脱水酶 还原酶 生物化学 分子质量 化学 生物合成 大小排阻色谱法 聚丙烯酰胺凝胶电泳 立体化学
作者
Li‐Na Guo,Richard A. Dixon,Nancy L. Paiva
出处
期刊:Journal of Biological Chemistry [Elsevier BV]
卷期号:269 (35): 22372-22378 被引量:71
标识
DOI:10.1016/s0021-9258(17)31799-4
摘要

Pterocarpan phytoalexins are antimicrobial compounds in leguminous plants. The final step of biosynthesis, conversion of vestitone to medicarpin, was thought to be catalyzed by a single enzyme pterocarpan synthase. We have shown that the synthase activity observed in crude extracts of alfalfa suspension cell cultures is the sum of two independent enzymatic activities: vestitone reductase, which catalyzes the NADPH-dependent reduction of vestitone to 7,2'-dihydroxy-4'-methoxyisoflavanol (DMI), and DMI dehydratase, which catalyzes loss of water and closure of an ether ring to form medicarpin. The first enzyme, vestitone reductase, was purified 1,840-fold to homogeneity by a 5-step procedure.

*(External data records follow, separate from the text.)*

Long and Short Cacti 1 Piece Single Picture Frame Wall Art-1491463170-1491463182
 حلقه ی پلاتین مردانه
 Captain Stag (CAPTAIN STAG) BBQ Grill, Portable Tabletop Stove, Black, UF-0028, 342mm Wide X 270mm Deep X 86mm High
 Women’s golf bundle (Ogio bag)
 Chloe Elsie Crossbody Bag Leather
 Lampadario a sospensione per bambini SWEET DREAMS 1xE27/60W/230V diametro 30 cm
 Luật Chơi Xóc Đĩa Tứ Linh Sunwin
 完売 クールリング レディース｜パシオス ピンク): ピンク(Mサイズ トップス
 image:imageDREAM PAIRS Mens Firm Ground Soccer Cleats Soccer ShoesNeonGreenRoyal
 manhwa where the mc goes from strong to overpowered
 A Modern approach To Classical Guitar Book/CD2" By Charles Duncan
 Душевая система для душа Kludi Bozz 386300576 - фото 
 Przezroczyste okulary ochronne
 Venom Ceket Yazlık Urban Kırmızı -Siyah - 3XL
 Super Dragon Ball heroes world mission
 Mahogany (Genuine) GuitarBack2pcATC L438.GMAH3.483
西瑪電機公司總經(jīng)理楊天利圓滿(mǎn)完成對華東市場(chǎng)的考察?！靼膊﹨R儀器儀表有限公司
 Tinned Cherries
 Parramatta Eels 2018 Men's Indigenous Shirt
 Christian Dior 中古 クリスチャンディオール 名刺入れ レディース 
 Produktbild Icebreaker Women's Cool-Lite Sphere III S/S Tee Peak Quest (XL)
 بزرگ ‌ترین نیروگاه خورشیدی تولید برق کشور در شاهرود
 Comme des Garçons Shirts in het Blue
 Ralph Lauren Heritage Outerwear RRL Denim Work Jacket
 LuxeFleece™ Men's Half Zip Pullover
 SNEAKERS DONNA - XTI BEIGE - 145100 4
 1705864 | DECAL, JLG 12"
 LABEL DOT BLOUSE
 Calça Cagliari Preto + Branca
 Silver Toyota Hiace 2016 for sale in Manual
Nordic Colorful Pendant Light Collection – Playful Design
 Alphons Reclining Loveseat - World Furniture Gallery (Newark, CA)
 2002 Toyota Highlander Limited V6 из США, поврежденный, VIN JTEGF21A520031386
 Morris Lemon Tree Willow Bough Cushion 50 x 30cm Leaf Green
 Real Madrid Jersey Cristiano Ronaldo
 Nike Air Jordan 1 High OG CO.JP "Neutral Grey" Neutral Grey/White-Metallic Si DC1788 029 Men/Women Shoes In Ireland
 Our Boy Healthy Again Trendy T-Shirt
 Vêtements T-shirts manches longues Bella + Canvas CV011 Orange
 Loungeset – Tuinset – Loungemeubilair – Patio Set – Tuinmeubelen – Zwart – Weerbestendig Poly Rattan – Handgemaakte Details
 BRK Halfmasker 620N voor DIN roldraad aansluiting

Purified vestitone reductase showed a single band on SDS-polyacrylamide gel electrophoresis with an estimated molecular mass of 38 kDa. The native molecular mass measured by gel filtration was shown to be 34 kDa, indicating that vestitone reductase is a monomer. Vestitone reductase has strict substrate stereo specificity for (3R)-vestitone with a Km value of 45 microM. The second enzyme, DMI dehydratase, was partially purified 962-fold. DMI dehydratase had a native molecular mass of 38 kDa as estimated by gel filtration and a Km value of 5 microM for DMI. Both enzymes have a temperature optimum of 30 degrees C and a pH optimum of 6.0. The discovery of vestitone reductase and DMI dehydratase will facilitate future genetic manipulation of biosynthesis.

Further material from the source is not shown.